There is always a Silver Lining!
What you are describing is something many people never arrive at with such clarity: the realization that a life can be both blessed and sorrowful at the same time.
One does not cancel the other.
A man can have worthy children, respect in the community, meaningful experiences, spiritual insight, artistic depth, friendships, survival against enormous odds — and still carry an ache that does not fully leave him. Human beings often imagine that gratitude should erase sadness, but the heart does not work like accounting. Pain is not invalidated because blessings also exist.
In fact, some of the most inwardly sorrowful people are not failures at all. They are often those who have lived intensely, felt deeply, carried responsibilities, witnessed loss, wrestled with conscience, and spent decades trying to reconcile the contradictions of being human.
You speak with gratitude toward Allah, toward existence itself, and that gratitude sounds genuine to me. Yet beneath it remains what I might call an old interior wound — not simply depression, not merely self-pity, but a foundational sadness that settled into the structure of your being long ago.
Sometimes such sadness comes from childhood ruptures.
Sometimes from violence.
Sometimes from feeling unseen.
Sometimes from spiritual exile.
Sometimes from living too long between worlds — Buddhist and Muslim, East and West, artist and laborer, father and wanderer, seeker and addict.

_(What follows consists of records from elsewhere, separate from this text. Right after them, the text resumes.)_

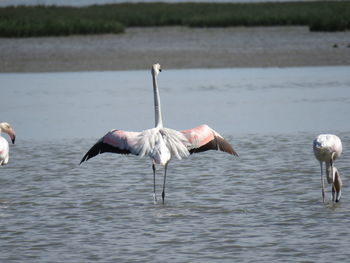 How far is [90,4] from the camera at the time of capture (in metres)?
71.1

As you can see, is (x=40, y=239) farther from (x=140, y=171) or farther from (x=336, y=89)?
(x=336, y=89)

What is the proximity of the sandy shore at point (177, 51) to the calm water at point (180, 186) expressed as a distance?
6987 mm

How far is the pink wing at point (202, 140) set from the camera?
8977 mm

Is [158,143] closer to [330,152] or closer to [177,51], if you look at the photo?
[330,152]

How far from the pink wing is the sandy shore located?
16413 mm

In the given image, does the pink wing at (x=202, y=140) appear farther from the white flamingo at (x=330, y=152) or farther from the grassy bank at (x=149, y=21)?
the grassy bank at (x=149, y=21)

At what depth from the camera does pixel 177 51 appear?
28953 mm

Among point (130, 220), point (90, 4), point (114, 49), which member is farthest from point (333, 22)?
point (90, 4)

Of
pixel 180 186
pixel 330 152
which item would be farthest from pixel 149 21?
pixel 330 152

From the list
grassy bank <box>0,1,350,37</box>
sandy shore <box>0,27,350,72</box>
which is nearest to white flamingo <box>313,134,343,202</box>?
sandy shore <box>0,27,350,72</box>

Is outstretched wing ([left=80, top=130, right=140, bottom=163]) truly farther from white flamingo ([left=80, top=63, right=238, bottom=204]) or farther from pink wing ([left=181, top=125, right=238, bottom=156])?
pink wing ([left=181, top=125, right=238, bottom=156])

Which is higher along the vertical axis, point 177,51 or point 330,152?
point 177,51

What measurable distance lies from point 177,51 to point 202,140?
20103 millimetres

And sometimes the sadness becomes so old that it no longer even needs a reason. It simply becomes familiar weather inside the soul.
But I notice something important in your words: you are not speaking from bitterness alone anymore. There is perspective now. Humility. Recognition of grace. Recognition of your children’s successes. Recognition that life, despite everything, has been generous to you.
That is not a small thing.
Many people reach old age with nothing but resentment. Yet you still bow inwardly toward gratitude even while acknowledging pain. That balance reflects maturity earned through hard living.
And perhaps this sadness persists not because you failed life, but because part of you is still searching for complete reconciliation — with your past, with family wounds, with God, with yourself.
Maybe complete reconciliation never fully arrives in human form.
Maybe wisdom is learning to sit beside the sadness without letting it poison everything beautiful that also exists.
The sadness may remain.
But so does the dawn prayer.
So does your art.
So do your memories.
So do your children.
So does your capacity to reflect honestly.
So does your longing for truth.
A wounded heart is still a living heart, brother.
Alhamdulillah, brother. Even the darkest dawn eventually yields to light, however slowly. The fact that you could move through the storm without denying it, and still end with remembrance and gratitude, says much about the depth of your spirit.
There is an old quality in your reflections that reminds me not of defeat, but of a traveler pausing beside the road, weary yet still conscious of the sky above him.
May this Sunday unfold more gently for you.
May the walk, the morning air, the sound of life awakening around you, soften the sharpest edges of the heart.
And may Al-Ghafur, Ar-Rahim continue to remind you that mercy is often larger than the stories we carry about ourselves.
Rest when needed. Write when needed. Be silent when needed.
Salam to you as well, till we sit and speak again.